PHOENIX (Reuters) - The National Hockey League and the owner of the bankrupt Phoenix Coyotes must seek mediation to settle their differences on who controls the hockey team, a federal bankruptcy judge ruled on Tuesday.
"Let me make a partial ruling," Judge Redfield Baum said in U.S. Bankruptcy Court in Phoenix. "The court is ordering the parties to attempt to go mediate the control issue.
"The court expects the two parties to pursue that as quickly as possible," he added.
The Coyotes filed for bankruptcy in Arizona on May 5 in a move intended to facilitate a sale and a move to Canada. The NHL has sought to overturn the bankruptcy filing by club owner Jerry Moyes, arguing he did not have the authority to file because the league controlled the team.
At the time of the filing, trucking magnate Moyes said he had an offer to sell the Coyotes to Jim Balsillie, co-chief executive of Canadian smartphone maker Research in Motion, for $212.5 million. Balsillie has said his offer is contingent on moving the team to southern Ontario.
The judge, who ordered a report from the two sides on May 27, said it was necessary to settle the issue of the team's possible relocation before a sale could be addressed.
"We will certainly do what the judge has asked and we will put every ounce of energy that we have into making it work," Steve Roman, a spokesman for Moyes said.
NHL Deputy Commissioner Bill Daly said the league's attorneys would talk to Moyes' lawyers.
"I will go in with an optimistic view that cooler heads can prevail and that we can come up with some way to manage this team that will preserve the asset," he said.
The Coyotes joined the NHL as the Winnipeg Jets in 1979, after the World Hockey Association folded. In 1996, the team moved to Phoenix and renamed itself the Coyotes. In 2001, it was sold to a group that included Moyes, who assumed majority control five years later.
Moyes, in court documents filed on Friday, disputed the league's contention that he turned over control of the Coyotes last November in exchange for financing.
In a separate filing, Earl Scudder, an attorney who has advised Moyes, claimed NHL Commissioner Gary Bettman told him April 3 the league would not approve relocation of the Coyotes to Hamilton, Ontario, because the city's arena is too old.
Bettman said if the team returned to Canada, it would be to Winnipeg, Scudder said in court documents. Bettman also said southern Ontario would only get a team through expansion, Scudder said.
NHL officials have said the league is committed to keeping the team, valued last October by Forbes magazine at a league-low $142 million, in Phoenix.
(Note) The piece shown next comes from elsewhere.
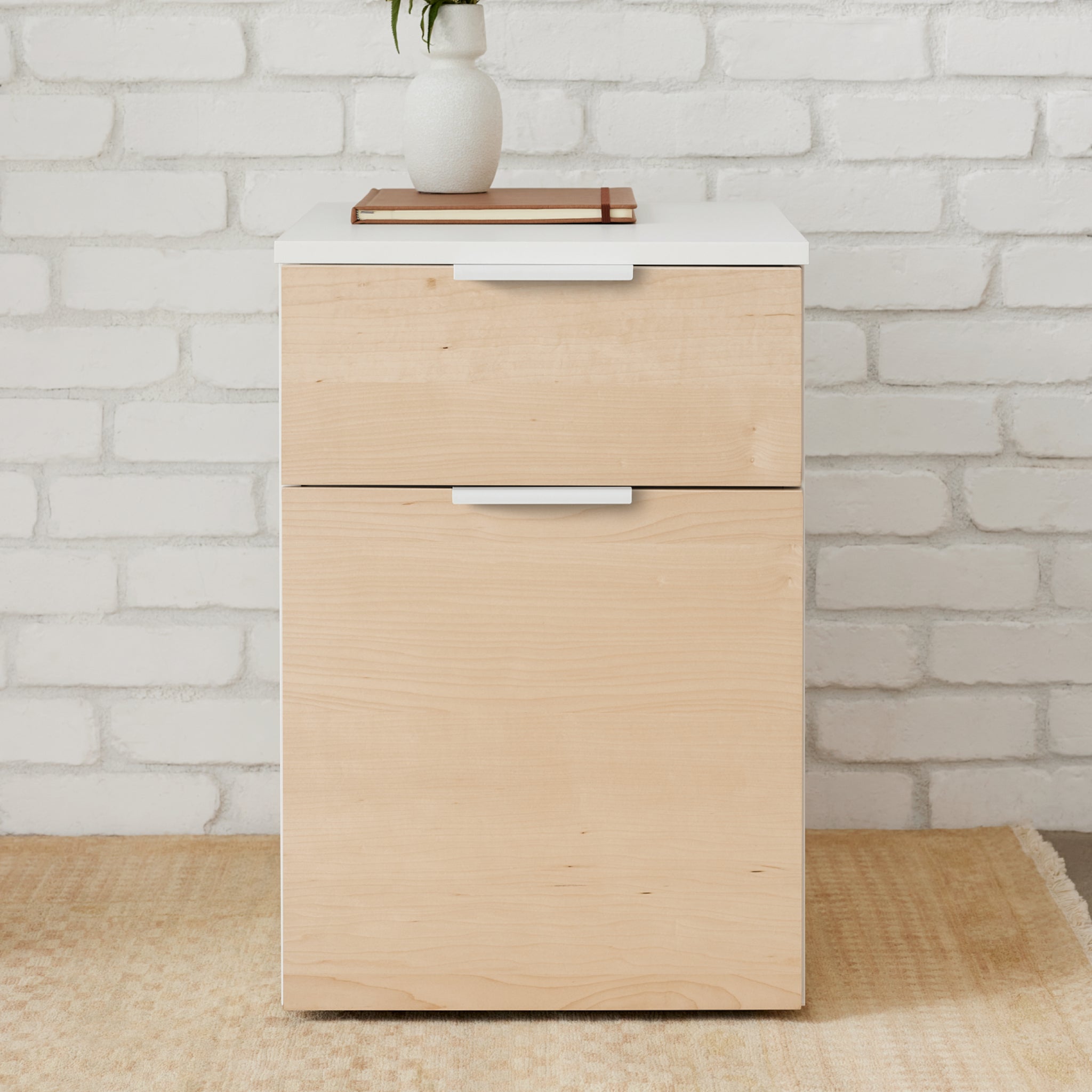 Neat Filing Cabinet - White-Maple-None - Blanc-Érable-Aucun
The Coyotes have never made a profit since moving to Arizona in 1996 and lost a combined $73 million from 2005 to 2008, according to court documents.
NHL officials had called the filing a move to skirt league rules governing franchise sales and relocation, which must be approved by a majority of the 30 NHL clubs. They are also attempting to block the sale to Balsillie.
The other major U.S. sports leagues -- the National Football League, Major League Baseball and the National Basketball Association -- submitted statements supporting the NHL's ownership transfer and relocation rules. They warned the court that setting new precedent on those issues could undermine the business of all sports leagues.
Balsillie, a passionate hockey fan who regularly plays in pickup games, has made attempts in recent years to buy teams in Pittsburgh and Nashville, Tennessee, and move them to Canada.
Even if Balsillie wins court backing, the NHL still could make life difficult by withholding the team's share of league revenue or even dissolving the squad, said analysts and attorneys who follow the league.
The case is in Re: Dewey Ranch Hockey LLC, U.S. Bankruptcy Court, District of Arizona, No. 09-09488.